Selon lui, nous devons plus largement reconsidérer notre place dans le système naturel. Démonstration par l’absurde : « C’est parce que la biosphère existe que les humains peuvent exister. Et c’est parce que les humains existent qu’ils ont créé des systèmes économiques. Actuellement, on réfléchit en fonction du plus petit cercle : l’économie. Or, sans planète, il ne peut plus y avoir d’économie ». Cela implique de ne plus se penser comme maître et possesseur de la nature, ce qui reste encore le récit prédominant. Cyril Dion met alors en avant la théorie du donut de Kate Raworth et l’économie symbiotique théorisée par Isabelle Delannoy, déjà évoquée lors de cette édition USI 2023 : des modèles économiques où l’humain ne se place plus au centre.
Un renouveau démocratique nécessaire ?
Mais pour parvenir à transformer ce récit et atteindre une activité économique régénératrice, nous avons besoin d’une nouvelle démocratie, explique le réalisateur. Un extrait du documentaire Un Monde Nouveau propose une voie de secours à la crise démocratique actuelle : « La vision alternative, c’est la démocratie ouverte, où le centre du pouvoir, le législatif, serait accessible à tous de manière égalitaire. Et je ne vois qu’une manière d’y arriver : le tirage au sort », développe Hélène Landemore, auteure du livre Open Democracy. Elle fait référence à la Convention citoyenne pour le climat, une initiative lancée en octobre 2019 en France. Pour autant, « est-on prêt à passer d’un récit où des personnes “expertes” sont là pour 5 ans ? Ou est-ce qu’on passe dans un récit où chacun de nous peut s’exprimer sur des questions complexes ? », interroge Cyril Dion, qui remet à nouveau la question des récits au cœur de sa conférence.

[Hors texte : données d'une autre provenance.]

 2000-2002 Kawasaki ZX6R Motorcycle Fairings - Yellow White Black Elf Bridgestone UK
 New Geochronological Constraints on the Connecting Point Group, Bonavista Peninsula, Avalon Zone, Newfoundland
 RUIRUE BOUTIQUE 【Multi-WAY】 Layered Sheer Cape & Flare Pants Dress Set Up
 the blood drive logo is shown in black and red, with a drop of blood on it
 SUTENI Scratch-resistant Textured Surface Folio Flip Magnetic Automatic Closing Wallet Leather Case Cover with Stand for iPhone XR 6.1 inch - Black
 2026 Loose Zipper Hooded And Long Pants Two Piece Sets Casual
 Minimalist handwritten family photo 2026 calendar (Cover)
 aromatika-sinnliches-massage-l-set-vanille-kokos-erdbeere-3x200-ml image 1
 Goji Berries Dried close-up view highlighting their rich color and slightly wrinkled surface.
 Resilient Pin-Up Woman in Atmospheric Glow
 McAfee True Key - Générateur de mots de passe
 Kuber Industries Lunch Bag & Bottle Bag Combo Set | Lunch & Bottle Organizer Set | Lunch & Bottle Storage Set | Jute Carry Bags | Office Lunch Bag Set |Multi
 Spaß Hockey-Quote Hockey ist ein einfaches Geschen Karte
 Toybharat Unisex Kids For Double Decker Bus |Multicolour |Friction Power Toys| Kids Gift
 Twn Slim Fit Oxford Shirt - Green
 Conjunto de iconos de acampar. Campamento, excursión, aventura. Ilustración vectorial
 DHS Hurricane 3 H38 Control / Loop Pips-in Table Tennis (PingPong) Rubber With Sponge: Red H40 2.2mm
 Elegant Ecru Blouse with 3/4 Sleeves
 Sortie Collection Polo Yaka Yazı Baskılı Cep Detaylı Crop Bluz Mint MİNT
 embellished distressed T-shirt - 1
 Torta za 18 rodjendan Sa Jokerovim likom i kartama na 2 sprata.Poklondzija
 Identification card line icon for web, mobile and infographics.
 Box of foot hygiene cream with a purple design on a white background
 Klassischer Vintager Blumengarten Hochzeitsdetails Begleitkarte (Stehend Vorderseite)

Tous ces bouleversements ne se feront pas sans l’instauration d’un rapport de force, d’après le réalisateur. Par exemple, Total connaît depuis 1972 la réalité du changement climatique, et a financé des études pour semer le doute sur le réchauffement climatique, d’abord, puis sur la responsabilité humaine. Pour conclure, Cyril Dion ne manque pas d’inscrire son propos dans l’actualité des contestations écologiques : « La radicalisation du rapport de force fait crier beaucoup de gens. », mais tient aussi à prédire l’avenir : « Les territoires affectés par le réchauffement climatique vont être des lieux de rébellion. Les rapports de force vont se renforcer et stimuler la transition. »
Take away
- Au XXème siècle, les Américains sont parvenus à imposer le récit du modèle capitaliste, notamment grâce au cinéma.
- Le capitalisme est un modèle qui atteint ses limites. Si tous les États actuels tenaient les objectifs climatiques fixés, le réchauffement serait de 2,5°C à 2,7°C. Dans le même temps, les espèces disparaissent entre 100 et 1 000 fois plus vite que la normale.
- Il ne faut plus réfléchir en fonction de l’économie mais en fonction de la biosphère. Si la planète devient inhabitable, plus rien ne sera possible.
- Nos modèles démocratiques occidentaux ne sont plus adaptés à l’écriture de nouvelles sociétés. L’expérience plus égalitaire de la Convention citoyenne pour le climat est la marche à suivre.
- Des changements collectifs ne se produiront pas sans l’instauration d’un rapport de force avec ceux qui détiennent le pouvoir.